Diversos autores han tratado este impactante suceso que, a pesar del paso de los años, continúa vivo en la memoria colectiva. Basándose en esta oscura trama Alfonso Grosso expuso, en su novela El crimen de las estanqueras, una teoría a modo de ficción sobre base real. Describió como el hijo de una de aquellas víctimas, liquidada por rojeras, vino desde el extranjero, donde llevaba años residiendo, para desquitarse. Las acuchilló cual Orestes que vindica a su padre al grito de Los muertos matan a los vivos, que relató Esquilo.
La sangre en el suelo y paredes fue el eco de su ira. De inmediato regresó a su país de residencia, donde había montado una perfecta coartada para que no se notara la ausencia. Aplicó el refrán de que la venganza es un plato que se sirve frío.
Todavía persiste entre la gente de aquella época la convicción general sobre la muerte de tres inocentes, cuyo pecado fue moverse en los bajos fondos. Eran tiempos de caciquismo, hambre y desesperación. Las autoridades trataban de mantener por todos los medios sus principios de orden, fortaleza y paz. Y alguien tenía que pagar, a la mayor brevedad, por tan execrable delito.
Hace tres meses, con motivo de la serie de TVE El Caso. Crónica de Sucesos, el programa Informe Semanal dedicó un reportaje a este semanario y al asesinato de las dos hermanas en Sevilla, el primer suceso de sangre que publicó en su dilatada historia. Intervine en el mismo junto con Manuel Rojo y su hijo Enrique, también penalista.

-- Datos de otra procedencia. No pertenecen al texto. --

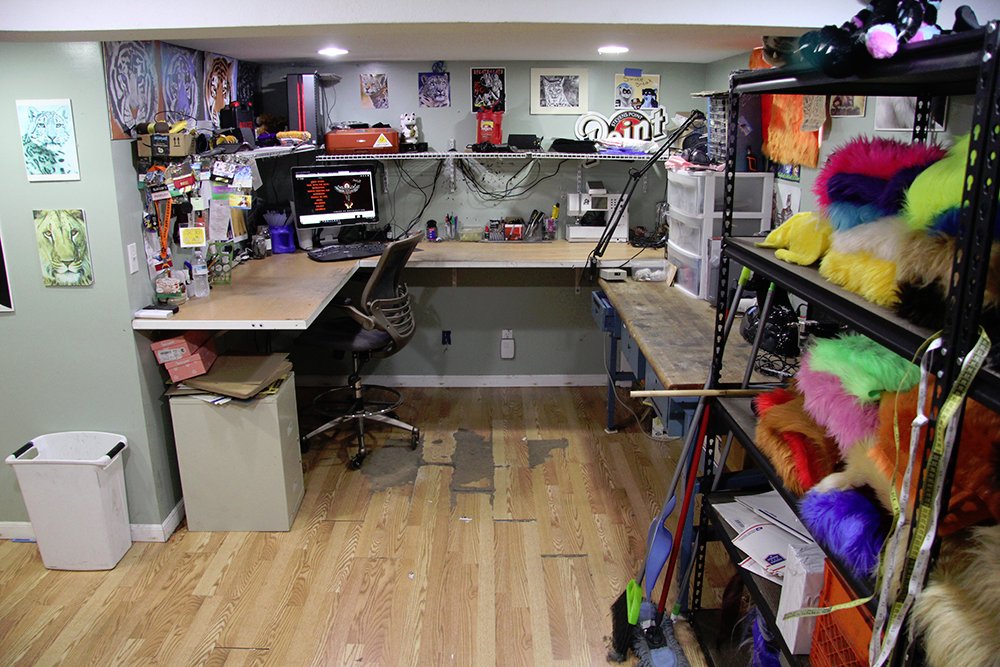 snapEtiger's tweet photo. I spent most of the day cleaning and reorganizing my work area with @thor_whitelegs .     we are thinking of tearing up the floor soon.    It has lasted 8 years with lots of use and abuse.   Tomorrow, I will start knocking stuff off the tables again! https://t.co/5dNXndZirU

A pesar de su avanzada edad, el defensor del Tarta recuerda bien lo que pasó: "Fue un zambombazo para Sevilla, que llegó a encender a España. Incluso, fuera de España". Argumenta que basó toda su defensa, evitando por ello un fuerte enfrentamiento con los jueces y el fiscal, "a ver si conseguíamos que no los mataran". Se movió mucho por Sevilla y también por Madrid buscando el indulto, pero su esfuerzo resultó estéril.
Tres inocentes acabaron en el garrote vil. Simples chivos expiatorios que pertenecían a un lumpen que intentaban sobrevivir en condiciones muy duras. Se orquestó una campaña de linchamiento en contra de ellos.
En el lenguaje popular andaluz ha quedado una cruel expresión: "¡Es más malo que el Tarta!". Un infeliz, al igual que los otros dos compinches, que pagaron con su vida para salvar el buen nombre de ciertas autoridades.
"Esos tres van al garrote porque yo no pierdo mi cargo", recuerdan que llegó a manifestar algún preboste cuando fueron detenidos. Historias de la España negra.